INPUT DATA:
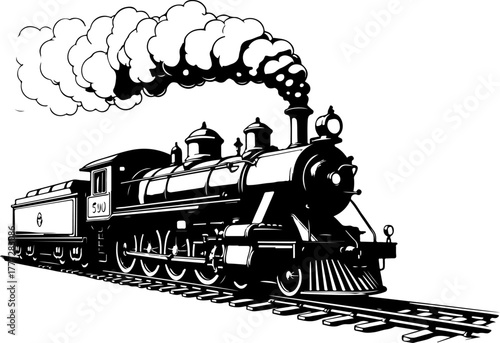 Vintage Steam Locomotive Silhouette Vector Illustration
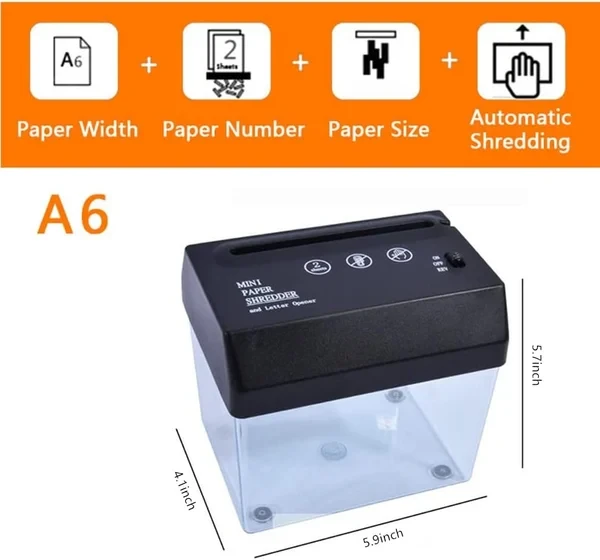 A6 automatic paper shredder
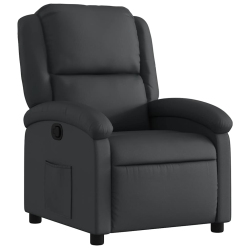 VIDAXL Manual Recliner Chair, Adjustable Backrest/ Footrest Real Leather In Black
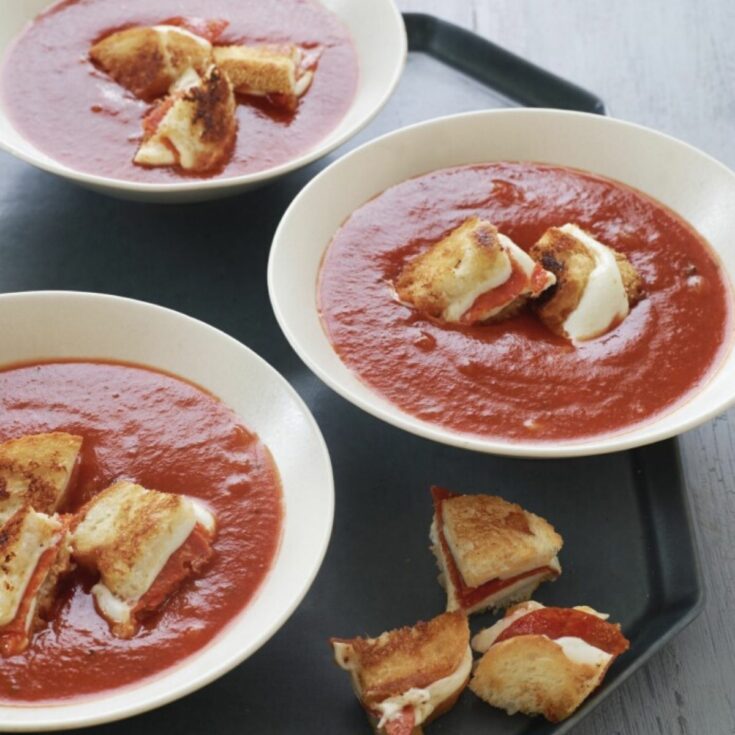Italian Tomato Soup with Grilled Cheese Coutons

WORK INSTRUCTION:
Leaving every picture aside, repeat the listing exactly.

ANSWER FOR THIS EXERCISE:
 Vintage Steam Locomotive Silhouette Vector Illustration
 A6 automatic paper shredder
 VIDAXL Manual Recliner Chair, Adjustable Backrest/ Footrest Real Leather In Black
Italian Tomato Soup with Grilled Cheese Coutons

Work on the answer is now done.